来季終了後に契約をオプトアウト(破棄)してフリーエージェント(FA)になる権利を持っているヤンキースの田中将大投手。大事なエース右腕の流出阻止に向けて、地元メディアは「何としても引き留めろ」「契約延長をしよう」など、数多くの“提言”をしている。一方で“常勝軍団”ヤンキースの復活を願うファンは、田中の流出を危惧しつつ「延長できなかったらトレードもやむなし」と考えているようだ。

■ヤ軍ファン「契約延長できなかったらトレードに出したら?」

 来季終了後に契約をオプトアウト(破棄)してフリーエージェント(FA)になる権利を持っているヤンキースの田中将大投手。大事なエース右腕の流出阻止に向けて、地元メディアは「何としても引き留めろ」「契約延長をしよう」など、数多くの“提言”をしている。一方で“常勝軍団”ヤンキースの復活を願うファンは、田中の流出を危惧しつつ「延長できなかったらトレードもやむなし」と考えているようだ。
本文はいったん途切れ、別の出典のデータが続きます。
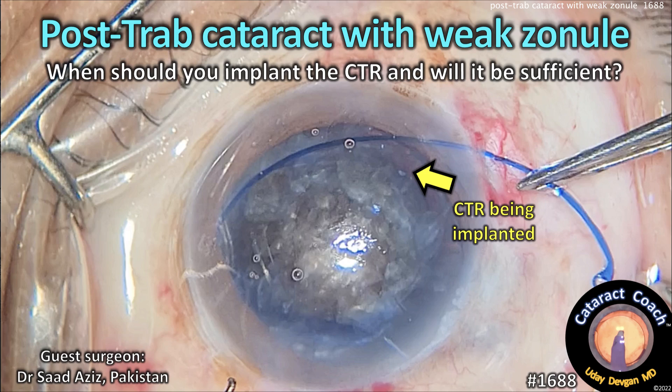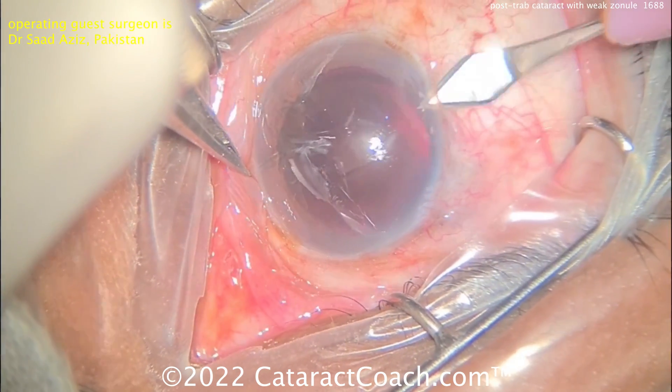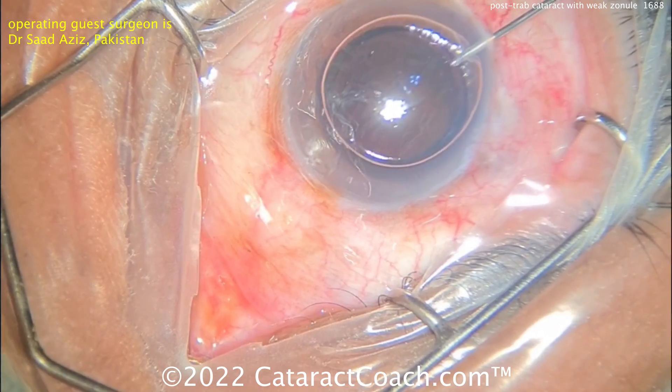CataractCoach.com — post-trabeculectomy cataract with weak zonule. So when do you implant that CTR and will it be sufficient? We've got a video here of a patient with a prior trabeculectomy and a non-functional bleb. These patients with prior glaucoma issues and prior surgery can often have weak zonular support.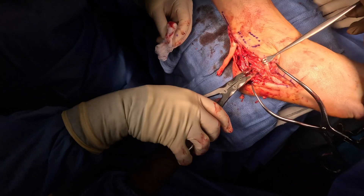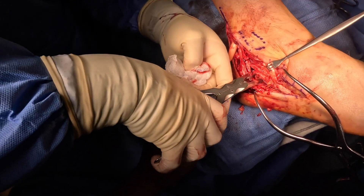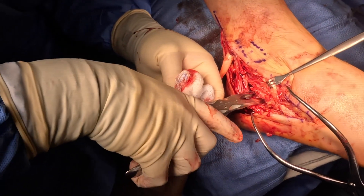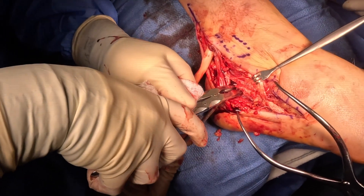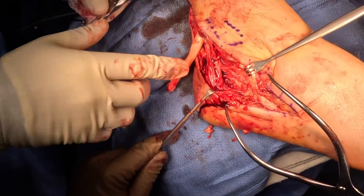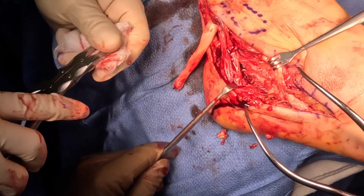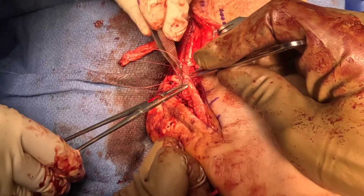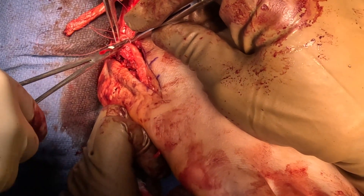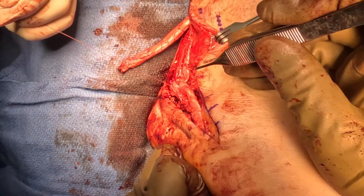The next step: dissecting deep within the area of the heel bone, there's a tubercle called the peroneal tubercle. Now this is an anecdotal claim, but usually in patients that have these ruptures, they'll have a sharp peroneal tubercle on the calcaneus or heel bone. You can see we're using rongeurs and removing that large bony prominence. Then we're going to do an end-to-end repair as best we can on the brevis tendon.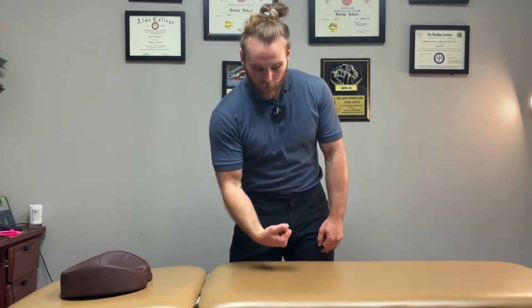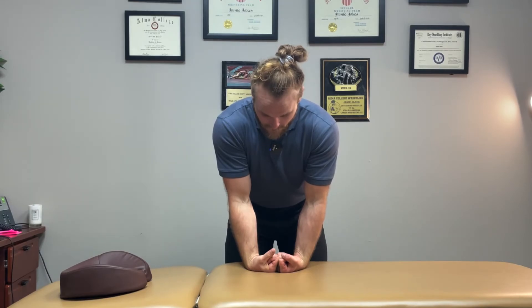The at-home program we often send patients home with is pretty simple. Number one is a gorilla stretch. You put the back of your hands down on the table. The key is you want to keep your fist all the way closed so we also target the finger extensors. You straighten out your elbows as much as you can and hold it for two minutes.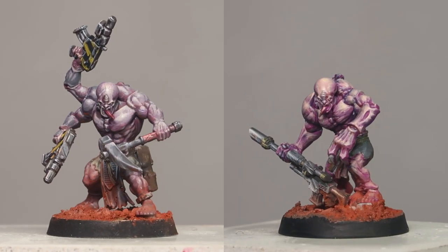In today's video I'm going to talk about one of the most overlooked concepts and techniques, which is choosing the colors for your base colors, and I'm going to do this while painting the Gene Stealer appearance.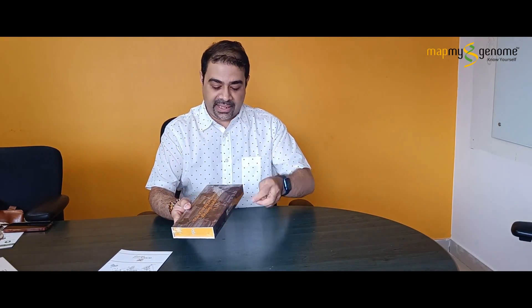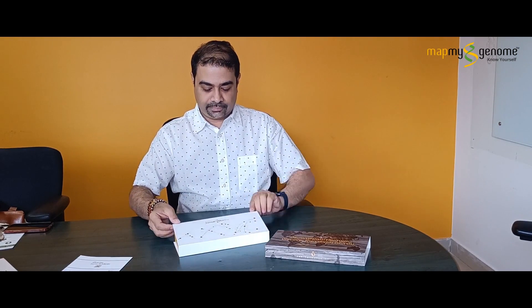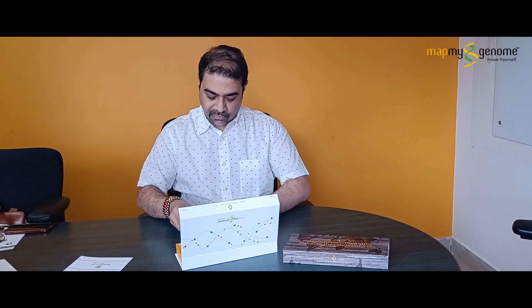It comes to you in a nice sealed packet, guaranteed that it's not been tampered with. Pull out the sleeve — there you have the nice box. Let's see what's inside. There's a lovely message from the CEO of Map My Genome. Now I need to remove this form. It's a very extensive detail form that will take a few minutes to fill up, but please do it very diligently because the information here will have an impact on your test.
 米メディア「リバー・アベニュー・ブルース」では、同サイトに寄稿している米CBSスポーツ(電子版)のマイク・アクシサ記者が読者の質問に答える企画を行った。その中で、数多く寄せられた質問の1つが「もしヤンキースがマサヒロ・タナカと契約延長できなかったら、代わりにトレードに出すことはできませんか?」というものだったという。アクシサ記者は「今オフにトレードされる可能性はゼロ」としながら、来季開幕後に迎えるトレード期限(7月31日)までにトレードされる可能性については「別の話。2つの条件が重なればあり得る」と答えている。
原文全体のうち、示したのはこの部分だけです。